Fakat şunu hemen söyleyelim ki ABD'nin Türkiye'ye yönelik müdahalelerinin artık bir hükmü yok. Dolayısıyla Amerikan dışişleri bakanlığının salgın sürecinde S-400 hava savunma sistemi alımıyla ilgili uyarılarına kimse kulak asmadı. Çünkü ABD'nin uyarıları Türkiye'nin ne rotasını ne de temel stratejilerini değiştirebilecek güçte.
Aslında bu şizofrenik tablo ABD ve müttefiklerinin Türkiye'ye karşı nasıl bir psikolojik yıkım içinde olduklarını da resmediyor. Bu şizofrenik tavırlardan birine de İsrail lobisine yakınlığıyla bilinen Washington Yakın Doğu Araştırmaları Enstitüsü imza attı. Şubat ayında yayımladıkları 'Türk Demokrasisine Bakış: 2023 ve Ötesi' raporunda 'Erdoğansız Türkiye rüyasını' yorumlamaya çalışmışlar.

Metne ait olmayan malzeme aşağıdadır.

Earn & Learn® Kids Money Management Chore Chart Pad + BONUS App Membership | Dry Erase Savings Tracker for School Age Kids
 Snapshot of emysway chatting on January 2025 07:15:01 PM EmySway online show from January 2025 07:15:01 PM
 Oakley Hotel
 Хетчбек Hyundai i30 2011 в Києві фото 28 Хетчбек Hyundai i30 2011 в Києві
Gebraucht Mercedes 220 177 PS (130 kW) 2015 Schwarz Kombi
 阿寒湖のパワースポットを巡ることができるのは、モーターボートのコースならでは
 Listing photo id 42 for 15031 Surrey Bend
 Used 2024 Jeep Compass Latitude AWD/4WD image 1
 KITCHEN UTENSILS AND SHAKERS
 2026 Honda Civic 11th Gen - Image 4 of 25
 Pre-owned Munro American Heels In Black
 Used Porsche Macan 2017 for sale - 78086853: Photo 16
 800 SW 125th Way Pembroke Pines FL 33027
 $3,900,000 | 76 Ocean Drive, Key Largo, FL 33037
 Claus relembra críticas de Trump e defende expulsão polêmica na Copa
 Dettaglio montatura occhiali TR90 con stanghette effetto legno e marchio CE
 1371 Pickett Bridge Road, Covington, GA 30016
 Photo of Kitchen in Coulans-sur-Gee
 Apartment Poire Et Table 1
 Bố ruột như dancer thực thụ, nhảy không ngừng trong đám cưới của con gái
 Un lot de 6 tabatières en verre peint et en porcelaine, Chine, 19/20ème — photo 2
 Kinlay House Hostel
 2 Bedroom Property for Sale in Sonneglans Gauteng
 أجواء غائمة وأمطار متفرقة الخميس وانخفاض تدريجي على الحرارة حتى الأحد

Bu rapor, bir bakıma Pentagon için çalışan RAND Corporation'un Türkiye'de ABD dostu bir muhalefetin genç Türk subayları yoluyla darbeye teşvik edildiği Ocak ayındaki raporunun devamı niteliğinde.
CHP'li belediyelerin tıpkı FETÖ ve PKK örneklerinde gördüğümüz üzere ABD merkezli 'paralel devlet' stratejisiyle hareket etmesinin de bu kirli planların bir parçası olduğunu unutmayalım. Ancak korona mücadelesinde ezberleri bozan Türkiye iç ve dış darbecilerin bütün heveslerini kursaklarında bıraktı. Daha da bırakacak. Çünkü devran artık değişti...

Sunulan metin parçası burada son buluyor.